Tor Browser May Have Been Leaking Your Real IP Addresses – macOS & Linux Users Need to Update ASAP
The Tor Project has issued an emergency security fix for its browser to prevent it from leaking IP addresses due to an unpatched Firefox bug. The fix for this critical vulnerability has been made available to Mac and Linux versions of the Tor anonymity browser.
TorMoil flaw doesn't affect Windows and Tails
The bug was recently discovered by security firm We Are Segment. Dubbed as TorMoil, the flaw is triggered when a user clicks on local addresses, like file:// instead of http://. When a user who is on macOS or Linux clicks on such addresses, the Tor browser in the process of opening this address exposes real-world IP addresses of the user.
The bug in the browser that is used by millions specifically for the anonymity and security that it promises, pushed the operating system to "directly connect to the remote host, bypassing Tor Browser." The Tor Project delivered a patch to this issue late Friday to both macOS and Linux, confirming that Windows users weren't vulnerable to this particular security vulnerability.
The company said that the bug is "partially fixed" now. "The fix we deployed is just a workaround stopping the leak," Tor wrote in a blog post.
"As a result of that navigating file:// URLs in the browser might not work as expected anymore.
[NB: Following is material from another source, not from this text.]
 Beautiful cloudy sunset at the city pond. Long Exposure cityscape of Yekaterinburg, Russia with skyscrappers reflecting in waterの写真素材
In particular entering file:// URLs in the URL bar and clicking on resulting links is broken. Opening those in a new tab or new window does not work either. A workaround for those issues is dragging the link into the URL bar or on a tab instead. We track this follow-up regression in bug 24136."
While the non-profit group has said that the bug hasn't been exploited in the wild, the details of the issue remain private as researchers find a more permanent solution to the issue. Users should assume that their IP addresses may have been leaked or could leak in the future and update to the latest versions. Tor said that users on the alpha versions of the browser for macOS and Linux should update to Tor Browser 7.5a7; users on stable version have been updated to Tor Browser version 7.0.9.